The Tyranny of the Footnote
Academic orthodoxy demands citations, peer review, falsifiability, and the careful hedging of every claim that cannot be empirically verified. These are noble standards, and in most disciplines they serve their purpose well. But geopolitics is not chemistry. The variables are human, the actors are often deliberately opaque, and the most consequential decisions made in the corridors of power are rarely documented in a way that satisfies a journal editor.
If an analyst waits for complete, verifiable information before rendering judgment, they are not producing analysis. They are producing history — and history, by definition, arrives too late.
Looking Backward to See Forward
The foundation of any credible geopolitical forecast is, paradoxically, the past. Not the sanitised, textbook version of it, but the raw and often uncomfortable record of how states, leaders, and civilisations have actually behaved — stripped of the ideological lenses that so often distort it.

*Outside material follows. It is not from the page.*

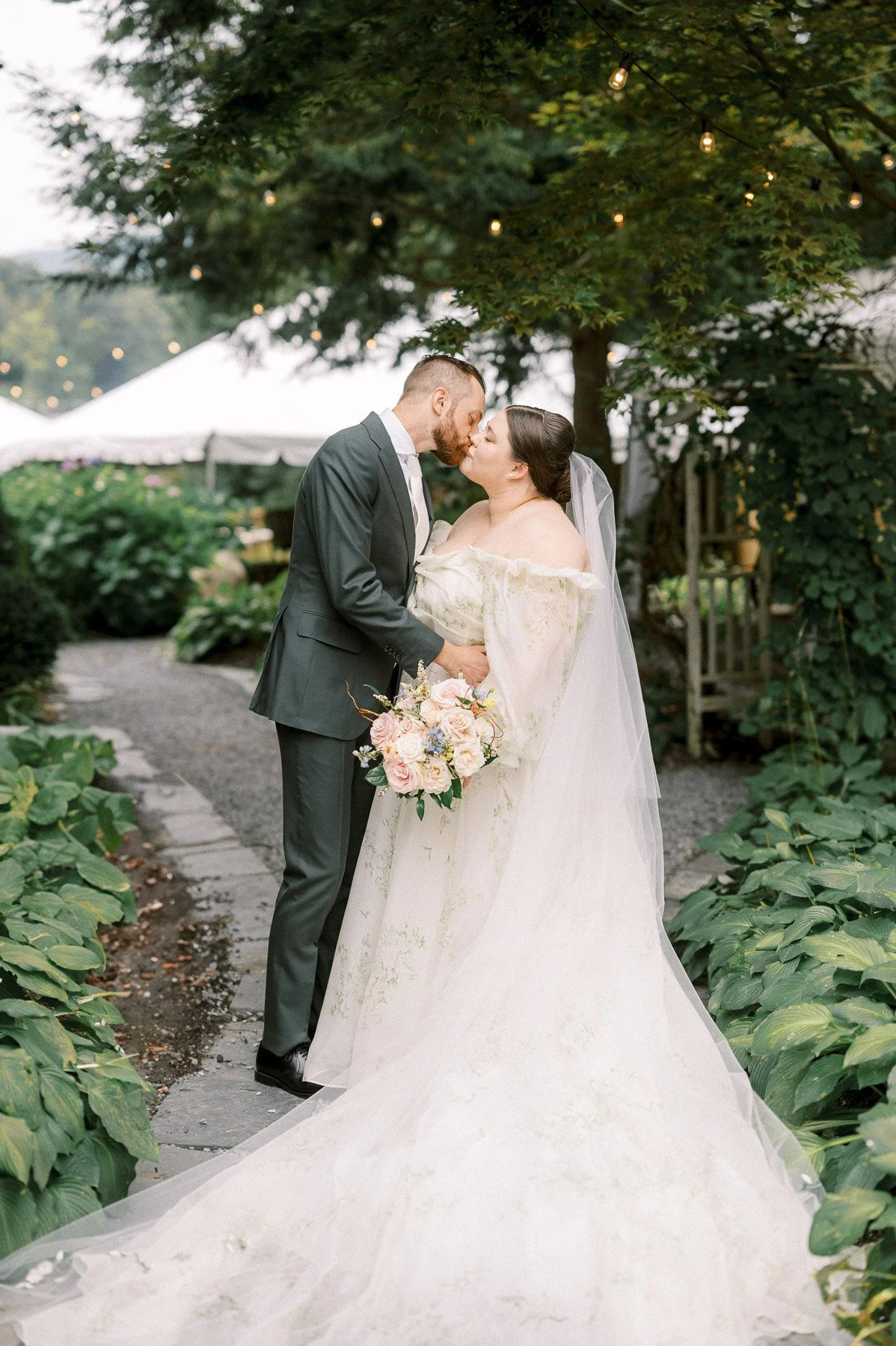 Chateau on the Lake Wedding by Michelle Lange Photography-21.jpg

This requires a discipline of its own. An analyst examining a revisionist great power cannot afford to view it exclusively through the framework of liberal international order theory, any more than one examining an established hegemon should take its stated motivations entirely at face value. The gap between what states say and what they do is not a modern pathology — it is a structural constant. Every actor operates according to interests that are frequently older, more consistent, and more predictable than their rhetoric suggests. History, read honestly, reveals those interests.
Take two states — A and B. A is widely understood to have financed and armed a non-state armed group operating inside B's territory. No document bearing A's official seal will ever confirm this. No minister will say it on record. The paper trail, by design, does not exist. And yet the weapons are there, the funding is traceable to within one degree of separation, and the group's operational tempo increases precisely when A's bilateral relationship with B deteriorates. The academic purist sees insufficient evidence. The working analyst sees a pattern — and a pattern, consistently repeated across time and actors, is as close to proof as geopolitics ever gets.
Every actor operates according to interests that are frequently older, more consistent, and more predictable than their rhetoric suggests. History, read honestly, reveals those interests. But history only takes you so far. The past is a guide, not a script.
The Necessary Art of the Informed Assumption
Here is where the academic purist and the working analyst must part ways — respectfully, but firmly.
When the documentary record runs dry, when intelligence is incomplete, when a government is deliberately ambiguous about its intentions, the analyst must make a choice: retreat into uncomfortable silence, or reason forward from what is known. The skilled practitioner chooses the latter — not recklessly, but methodically.
This means studying the behavioural patterns of individual leaders. It means understanding the structural pressures that a nation's geography, demography, and economic condition place upon its decision-makers — pressures that persist regardless of who sits in the presidential palace or the prime minister's office. It means recognising that states, like people, tend to repeat themselves; that national interest is a remarkably stable variable even as governments change.
When an analyst uses these patterns to fill the gaps in the evidentiary record, they are not speculating. They are extrapolating — and there is a meaningful difference. Speculation is untethered from evidence. Extrapolation is evidence, extended.
The Standard Should Be Rigour, Not Purity
None of this is a licence for confirmation bias dressed up as analysis. The assumptions an analyst imports into a narrative must be transparent, challengeable, and grounded in demonstrable behavioural or historical precedent. The moment an analyst begins selecting evidence to fit a conclusion rather than building a conclusion from evidence — even partial evidence — they have crossed from craft into propaganda.
The standard, then, should not be academic purity. It should be intellectual rigour: the honest acknowledgement of what is known, what is inferred, and what remains uncertain, combined with the courage to offer a conclusion anyway.
The world does not pause while we wait for perfect information. And the best analysts have always understood that their value lies precisely in navigating that uncertainty — not in pretending it does not exist.
Note: The views expressed in this op-ed are those of the author and represent his analytical perspective. They do not constitute policy advice or institutional positions of the Praevisio Institute.